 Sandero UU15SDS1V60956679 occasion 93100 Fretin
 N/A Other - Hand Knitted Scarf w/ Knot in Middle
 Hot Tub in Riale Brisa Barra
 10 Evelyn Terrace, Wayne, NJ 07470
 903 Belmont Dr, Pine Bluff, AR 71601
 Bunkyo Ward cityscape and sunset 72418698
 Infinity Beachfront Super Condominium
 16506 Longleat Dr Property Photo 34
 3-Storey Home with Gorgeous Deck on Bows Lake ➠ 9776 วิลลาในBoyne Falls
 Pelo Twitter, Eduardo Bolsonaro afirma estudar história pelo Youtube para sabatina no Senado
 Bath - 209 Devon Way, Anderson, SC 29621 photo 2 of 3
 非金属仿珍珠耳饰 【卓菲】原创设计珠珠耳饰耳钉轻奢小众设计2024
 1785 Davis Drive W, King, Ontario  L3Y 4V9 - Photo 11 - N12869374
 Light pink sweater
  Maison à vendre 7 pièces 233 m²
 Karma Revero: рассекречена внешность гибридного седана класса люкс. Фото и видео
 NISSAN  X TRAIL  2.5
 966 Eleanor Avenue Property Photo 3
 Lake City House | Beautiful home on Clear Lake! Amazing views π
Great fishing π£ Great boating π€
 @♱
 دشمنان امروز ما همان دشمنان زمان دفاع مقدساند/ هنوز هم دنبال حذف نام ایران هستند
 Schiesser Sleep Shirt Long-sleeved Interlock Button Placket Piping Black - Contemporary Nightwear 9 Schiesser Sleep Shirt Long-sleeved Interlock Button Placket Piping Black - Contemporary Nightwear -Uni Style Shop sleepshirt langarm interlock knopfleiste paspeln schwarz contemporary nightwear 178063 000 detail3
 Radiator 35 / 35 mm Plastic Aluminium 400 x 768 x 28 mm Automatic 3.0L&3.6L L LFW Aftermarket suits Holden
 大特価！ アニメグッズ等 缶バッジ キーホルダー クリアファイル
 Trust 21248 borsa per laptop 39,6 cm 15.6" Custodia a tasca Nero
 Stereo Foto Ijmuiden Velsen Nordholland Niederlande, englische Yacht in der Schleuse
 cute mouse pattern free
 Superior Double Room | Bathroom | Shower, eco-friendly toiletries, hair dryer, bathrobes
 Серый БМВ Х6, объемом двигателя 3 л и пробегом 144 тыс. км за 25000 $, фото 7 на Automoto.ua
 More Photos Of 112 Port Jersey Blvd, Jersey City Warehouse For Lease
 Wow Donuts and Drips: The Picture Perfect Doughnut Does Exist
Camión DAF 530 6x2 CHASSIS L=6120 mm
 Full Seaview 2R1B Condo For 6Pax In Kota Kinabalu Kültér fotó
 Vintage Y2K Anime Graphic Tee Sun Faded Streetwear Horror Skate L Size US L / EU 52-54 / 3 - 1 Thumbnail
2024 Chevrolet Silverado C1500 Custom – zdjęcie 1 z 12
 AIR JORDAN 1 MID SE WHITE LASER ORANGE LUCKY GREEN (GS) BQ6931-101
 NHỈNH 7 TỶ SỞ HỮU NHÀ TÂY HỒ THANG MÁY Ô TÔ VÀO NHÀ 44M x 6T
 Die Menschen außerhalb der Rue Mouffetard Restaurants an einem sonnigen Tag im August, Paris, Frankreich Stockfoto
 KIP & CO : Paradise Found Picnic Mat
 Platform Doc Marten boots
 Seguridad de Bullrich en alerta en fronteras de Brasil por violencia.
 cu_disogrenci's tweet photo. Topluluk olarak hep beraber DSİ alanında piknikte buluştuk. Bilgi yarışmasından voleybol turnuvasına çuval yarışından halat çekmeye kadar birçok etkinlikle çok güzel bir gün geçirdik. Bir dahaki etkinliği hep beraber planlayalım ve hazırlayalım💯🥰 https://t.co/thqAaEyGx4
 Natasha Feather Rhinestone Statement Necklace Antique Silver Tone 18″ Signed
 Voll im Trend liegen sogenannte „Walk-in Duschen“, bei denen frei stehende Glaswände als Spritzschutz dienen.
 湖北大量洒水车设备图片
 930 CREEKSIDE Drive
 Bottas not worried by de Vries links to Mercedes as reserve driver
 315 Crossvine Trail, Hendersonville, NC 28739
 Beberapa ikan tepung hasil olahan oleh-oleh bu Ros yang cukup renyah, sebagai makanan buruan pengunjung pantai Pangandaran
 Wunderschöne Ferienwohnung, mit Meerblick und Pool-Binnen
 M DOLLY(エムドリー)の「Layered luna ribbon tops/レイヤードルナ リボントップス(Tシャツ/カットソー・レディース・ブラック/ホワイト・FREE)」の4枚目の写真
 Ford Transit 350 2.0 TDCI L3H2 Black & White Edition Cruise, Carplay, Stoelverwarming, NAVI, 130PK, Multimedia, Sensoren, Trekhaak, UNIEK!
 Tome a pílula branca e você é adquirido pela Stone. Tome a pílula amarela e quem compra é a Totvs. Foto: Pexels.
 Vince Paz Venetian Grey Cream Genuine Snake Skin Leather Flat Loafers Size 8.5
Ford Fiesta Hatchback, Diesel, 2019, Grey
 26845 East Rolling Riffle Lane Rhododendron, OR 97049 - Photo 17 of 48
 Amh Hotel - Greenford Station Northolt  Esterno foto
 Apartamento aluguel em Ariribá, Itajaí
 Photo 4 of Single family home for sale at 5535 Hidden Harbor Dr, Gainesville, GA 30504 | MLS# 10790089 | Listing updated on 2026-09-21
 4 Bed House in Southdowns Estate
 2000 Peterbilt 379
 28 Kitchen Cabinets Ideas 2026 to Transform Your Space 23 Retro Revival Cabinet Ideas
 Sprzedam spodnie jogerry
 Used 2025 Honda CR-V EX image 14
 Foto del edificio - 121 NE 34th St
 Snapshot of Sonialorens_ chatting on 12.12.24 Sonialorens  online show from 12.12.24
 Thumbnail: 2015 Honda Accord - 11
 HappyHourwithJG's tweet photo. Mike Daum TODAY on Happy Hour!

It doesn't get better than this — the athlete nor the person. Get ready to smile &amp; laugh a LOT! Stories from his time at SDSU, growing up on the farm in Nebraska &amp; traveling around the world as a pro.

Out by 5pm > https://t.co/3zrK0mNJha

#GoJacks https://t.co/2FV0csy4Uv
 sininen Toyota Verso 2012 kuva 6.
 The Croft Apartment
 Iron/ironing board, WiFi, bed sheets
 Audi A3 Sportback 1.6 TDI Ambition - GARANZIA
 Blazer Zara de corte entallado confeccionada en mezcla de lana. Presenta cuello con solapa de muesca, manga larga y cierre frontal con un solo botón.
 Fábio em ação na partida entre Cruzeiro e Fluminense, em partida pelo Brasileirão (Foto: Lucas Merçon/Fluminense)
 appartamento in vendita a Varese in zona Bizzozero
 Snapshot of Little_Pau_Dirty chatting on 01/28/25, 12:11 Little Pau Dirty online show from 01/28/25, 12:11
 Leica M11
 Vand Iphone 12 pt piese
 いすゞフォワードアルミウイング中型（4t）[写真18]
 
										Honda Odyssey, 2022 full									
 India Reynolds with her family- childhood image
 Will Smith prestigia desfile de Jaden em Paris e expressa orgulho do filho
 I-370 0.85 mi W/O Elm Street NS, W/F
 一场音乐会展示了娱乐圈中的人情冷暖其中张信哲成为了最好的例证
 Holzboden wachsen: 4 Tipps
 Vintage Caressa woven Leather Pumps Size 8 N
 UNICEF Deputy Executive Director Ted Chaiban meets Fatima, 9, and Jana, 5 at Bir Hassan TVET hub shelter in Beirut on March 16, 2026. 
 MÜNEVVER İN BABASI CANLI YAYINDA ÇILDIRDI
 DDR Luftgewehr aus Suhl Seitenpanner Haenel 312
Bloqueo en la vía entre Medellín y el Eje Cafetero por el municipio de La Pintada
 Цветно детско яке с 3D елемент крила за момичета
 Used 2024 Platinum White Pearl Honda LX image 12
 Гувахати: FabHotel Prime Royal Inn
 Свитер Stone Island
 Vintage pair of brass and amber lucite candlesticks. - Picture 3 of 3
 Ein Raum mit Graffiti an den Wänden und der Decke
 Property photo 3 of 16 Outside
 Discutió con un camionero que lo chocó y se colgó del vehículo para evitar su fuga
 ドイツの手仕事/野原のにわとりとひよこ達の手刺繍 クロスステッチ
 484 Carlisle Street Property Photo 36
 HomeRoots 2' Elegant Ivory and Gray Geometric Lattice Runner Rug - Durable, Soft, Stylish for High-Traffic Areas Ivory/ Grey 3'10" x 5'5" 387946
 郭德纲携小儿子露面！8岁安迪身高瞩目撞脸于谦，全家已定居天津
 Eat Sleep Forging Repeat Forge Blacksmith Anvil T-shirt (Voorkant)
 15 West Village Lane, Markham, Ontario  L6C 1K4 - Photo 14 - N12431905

┄┄┄┄┄┄┄┄┄┄┄┄┄┄┄┄┄┄┄┄

YOUR TASK – Start at the line containing "HomeRoots 2' Elegant" and return each line up to and including the last line of the material.

ANSWER TO THIS EXERCISE –
 HomeRoots 2' Elegant Ivory and Gray Geometric Lattice Runner Rug - Durable, Soft, Stylish for High-Traffic Areas Ivory/ Grey 3'10" x 5'5" 387946
 郭德纲携小儿子露面！8岁安迪身高瞩目撞脸于谦，全家已定居天津
 Eat Sleep Forging Repeat Forge Blacksmith Anvil T-shirt (Voorkant)
 15 West Village Lane, Markham, Ontario  L6C 1K4 - Photo 14 - N12431905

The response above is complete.